Gempa Flores NTT: RSUD Komodo Labuan Bajo Rusak, Pasien Dirawat di Halaman

Pasien yang dievakuasi mencakup bayi, anak-anak, hingga dewasa, termasuk dua pasien ICU dan dua pasien HCU.

Diterbitkan 15 Agustus 2026, 15:17 WIB
Share
Copy Link
Batalkan

Liputan6.com, Jakarta - Gempa bumi magnitudo 7 yang mengguncang wilayah Flores, Nusa Tenggara Timur (NTT), Sabtu (15/8/2026) pagi, menyebabkan sejumlah bangunan dilaporkan rusak di beberapa wilayah.

Kerusakan dilaporkan terjadi di Kabupaten Sikka, Nagekeo, Manggarai, Manggarai Timur, Manggarai Barat, dan Kabupaten Ende.

Di Labuan Bajo, puluhan pasien RSUD Komodo dilanda kepanikan. Mereka segera dievakuasi ke halaman rumah sakit pascagempa.

Kepala Seksi Pelayanan Medik RSUD Komodo, dr. Florida Pantas menjelaskan, proses evakuasi dilakukan demi keselamatan.

"Seluruh pasien langsung dikeluarkan saat gempa terjadi. Kami tunggu informasi BMKG soal gempa susulan sebelum memastikan boleh kembali masuk gedung,” ujarnya.

Pasien yang dievakuasi mencakup bayi, anak-anak, hingga dewasa, termasuk dua pasien ICU dan dua pasien HCU.

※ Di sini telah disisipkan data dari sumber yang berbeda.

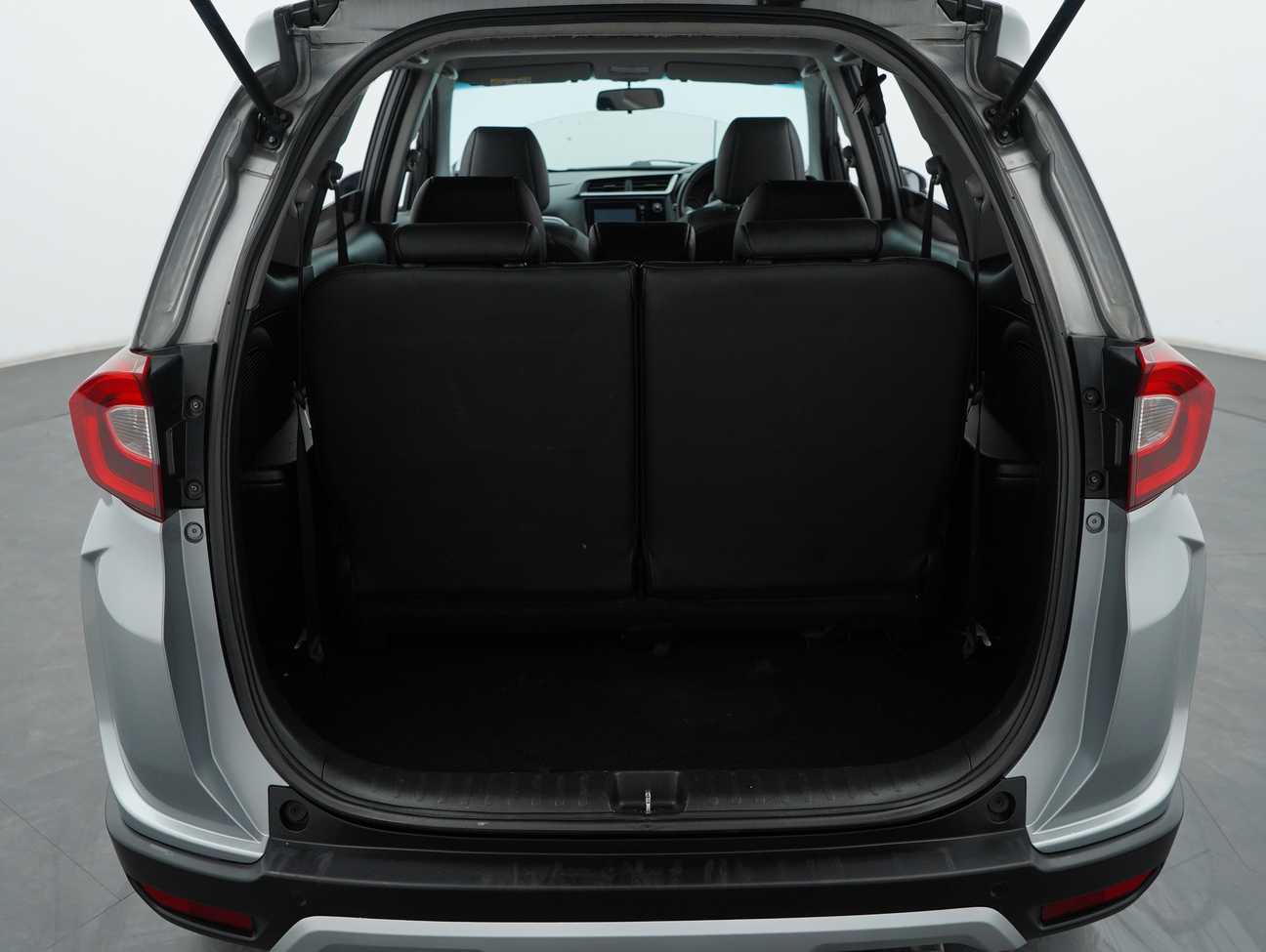 used 2018 Honda BR-V V 1.5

“Dua bayi sudah diamankan. Pasien ruang intensif yang masih butuh oksigen pun sudah tertangani perawatnya, syukurlah tak butuh alat bantu napas saat ini,” kata Florida.

 

Gedung RS Rusak

Selain evakuasi pasien, sebagian gedung rumah sakit juga mengalami kerusakan akibat gempa itu.

Hal serupa terjadi di RSUD Ruteng dan RSUD TC Hillers Maumere, di mana seluruh pasien dipindahkan ke halaman rumah sakit untuk mengantisipasi risiko bangunan roboh akibat guncangan susulan.

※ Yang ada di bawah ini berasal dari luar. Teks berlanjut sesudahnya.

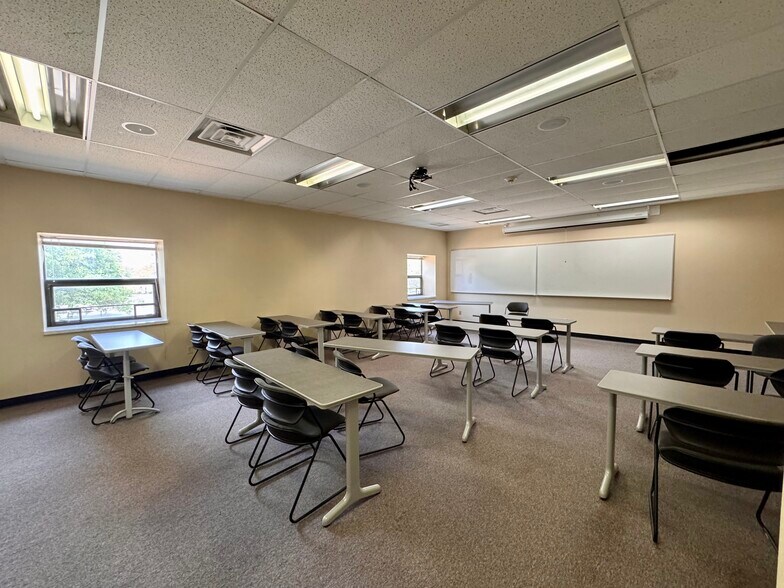 More Photos Of 208 S Johnson St, Macomb Schools For Sale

Direktur RSUD Ruteng, dr. Oktavianus Yanuarius, mengatakan sudah ada kerusakan di beberapa bagian gedung, namun rincian kerusakan dan kondisi pasien masih dalam proses pendataan.

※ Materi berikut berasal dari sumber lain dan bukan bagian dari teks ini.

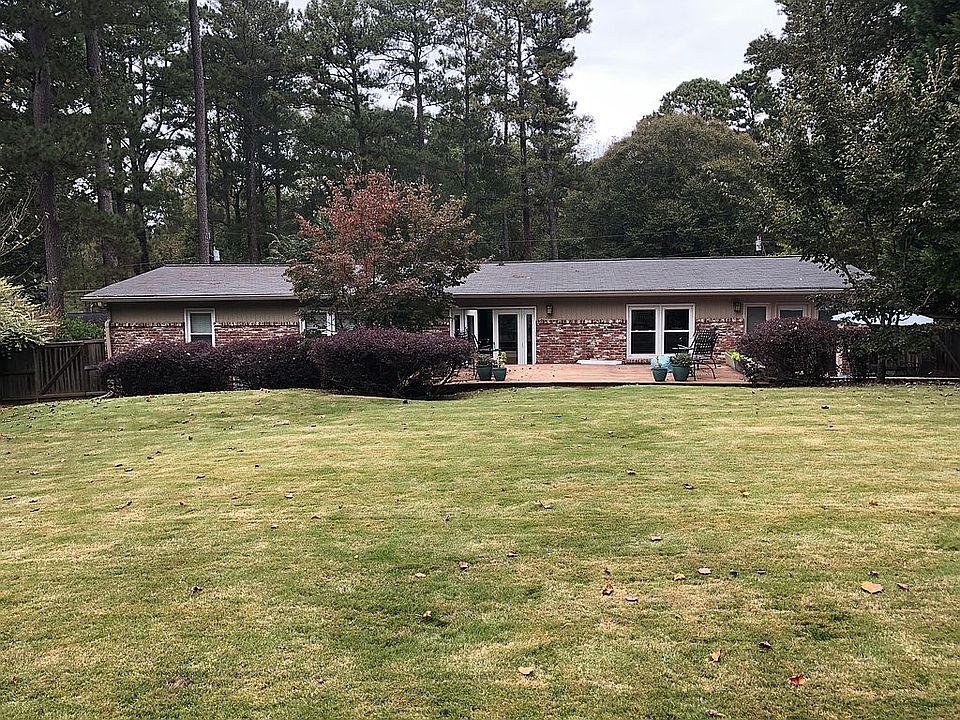 1st image of 2185 Thorncliff Dr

Gempa berpusat di laut sekitar 30 kilometer timur laut Mbay, Nagekeo, pada kedalaman 15 kilometer, sempat memicu peringatan dini tsunami sebelum akhirnya dicabut. Masyarakat diimbau tetap merujuk pada informasi resmi BMKG dan arahan pemerintah daerah terkait potensi gempa susulan.